The wait begins today for a verdict after the two sides in the VANOC gender discrimination trial offer their closing statements in British Columbia Supreme Court.
VANOC's lawyer, George Macintosh, said Thursday “there is going to be zero discrimination” at the 2010 Winter Olympics.
Macintosh made the comment during an exchange with Justice Lauri Ann Fenlon after she challenged him on his contention that VANOC is controlled by the IOC, not governments.
Fifteen women ski jumpers want VANOC deemed government-controlled so that it will adhere to the Charter of Rights and Freedoms and compel the IOC to add a single women’s event on the normal hill to the Games schedule.
“Are the plaintiffs not complaining that VANOC, part of what VANOC is doing, is providing government-funded venues... and it is providing that to a Games, a program [they say] discriminates against women?” Fenlon asked.
Macintosh said the complaint is really against the IOC, which made the 2006 decision not to add women’s ski jumping. He said governments act as overseers and do not control the local organizing committee.
“VANOC has always behaved commendably and progressively and will host in a perfectly and proper way,” Macintosh said. He added VANOC “wanted these people here” and feels badly their competition won’t happen.
The IOC, he said, does not discriminate against women. “Far from having erected those barriers, it is the IOC’s mission to dismantle them.”

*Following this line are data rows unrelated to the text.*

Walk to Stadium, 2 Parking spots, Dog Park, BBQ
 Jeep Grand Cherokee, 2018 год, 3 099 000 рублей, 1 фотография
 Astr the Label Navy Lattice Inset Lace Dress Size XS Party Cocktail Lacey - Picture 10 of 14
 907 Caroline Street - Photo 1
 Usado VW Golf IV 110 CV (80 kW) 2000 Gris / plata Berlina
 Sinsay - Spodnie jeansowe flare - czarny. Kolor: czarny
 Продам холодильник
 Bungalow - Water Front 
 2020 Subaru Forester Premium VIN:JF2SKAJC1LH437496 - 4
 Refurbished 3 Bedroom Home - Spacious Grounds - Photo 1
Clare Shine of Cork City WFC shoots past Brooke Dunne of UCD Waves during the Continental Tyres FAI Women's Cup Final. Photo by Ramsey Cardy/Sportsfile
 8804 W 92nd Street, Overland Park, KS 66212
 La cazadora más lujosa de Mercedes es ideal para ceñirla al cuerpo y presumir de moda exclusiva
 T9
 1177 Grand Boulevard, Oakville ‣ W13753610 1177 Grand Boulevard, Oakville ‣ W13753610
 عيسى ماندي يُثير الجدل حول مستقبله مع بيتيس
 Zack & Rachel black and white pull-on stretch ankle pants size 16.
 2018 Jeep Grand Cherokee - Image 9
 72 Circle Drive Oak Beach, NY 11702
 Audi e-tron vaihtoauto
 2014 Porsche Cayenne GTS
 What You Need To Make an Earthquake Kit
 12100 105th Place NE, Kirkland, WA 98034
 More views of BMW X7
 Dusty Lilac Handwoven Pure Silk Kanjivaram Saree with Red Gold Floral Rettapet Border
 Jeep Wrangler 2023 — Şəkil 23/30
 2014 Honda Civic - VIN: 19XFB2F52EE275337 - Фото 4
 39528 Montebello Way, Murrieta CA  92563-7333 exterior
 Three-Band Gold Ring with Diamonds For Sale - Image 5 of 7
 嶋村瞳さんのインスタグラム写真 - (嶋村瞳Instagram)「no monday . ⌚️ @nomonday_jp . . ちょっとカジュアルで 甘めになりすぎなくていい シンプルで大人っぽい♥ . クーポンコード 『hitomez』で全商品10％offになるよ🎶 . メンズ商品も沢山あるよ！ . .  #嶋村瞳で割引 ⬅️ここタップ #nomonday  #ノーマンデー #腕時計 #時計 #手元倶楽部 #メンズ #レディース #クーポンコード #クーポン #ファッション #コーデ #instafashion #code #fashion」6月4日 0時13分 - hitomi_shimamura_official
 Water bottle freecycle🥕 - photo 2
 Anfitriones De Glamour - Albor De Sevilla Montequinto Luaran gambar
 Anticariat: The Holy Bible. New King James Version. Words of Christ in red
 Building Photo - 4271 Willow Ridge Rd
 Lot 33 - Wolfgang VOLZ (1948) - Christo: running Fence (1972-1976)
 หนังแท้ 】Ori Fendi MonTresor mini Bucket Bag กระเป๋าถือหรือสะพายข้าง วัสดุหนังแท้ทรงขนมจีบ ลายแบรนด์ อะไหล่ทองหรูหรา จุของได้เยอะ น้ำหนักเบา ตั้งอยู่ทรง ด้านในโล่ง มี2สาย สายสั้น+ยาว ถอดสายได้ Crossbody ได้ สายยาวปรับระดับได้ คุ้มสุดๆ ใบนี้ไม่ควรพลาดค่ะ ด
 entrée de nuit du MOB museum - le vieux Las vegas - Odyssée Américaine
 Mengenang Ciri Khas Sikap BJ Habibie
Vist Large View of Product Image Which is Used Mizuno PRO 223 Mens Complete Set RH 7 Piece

Macintosh later cited an affidavit by Walter Sieber, a VANOC director and member of the Olympic program commission. Sieber indicated the OPC carefully considered adding women’s ski jumping because of gender equity. It eventually ruled against women’s ski jumping because there would only be one pre-Vancouver 2010 world championship and international participation did not meet IOC criteria.
Special notice however, was given when the executive board said it would “be closely following the development... with a view to its inclusion in future Olympic Games.”
Ross Clark, lawyer for the plaintiffs, noted in his submission earlier in the week that skicross was newer and less popular than ski jumping.
Macintosh denied that the cost of adding a women’s competition was a concern of VANOC.
Outside the court, ski jumper Katie Willis’s mother Jan questioned VANOC’s support. Willis said VANOC Nordic combined and ski jumping manager John Heilig told her in an early January 2008 phone call that if Canadian ski jumpers joined a news conference by American women’s ski jumping advocates “we won’t let you use the facility.”
“He said he got orders,” Willis said. “A shocking comment to hear, but it didn’t seem like it would come from his lips.”
Heilig could not be reached for comment.
With reporting from Bob Mackin in Vancouver.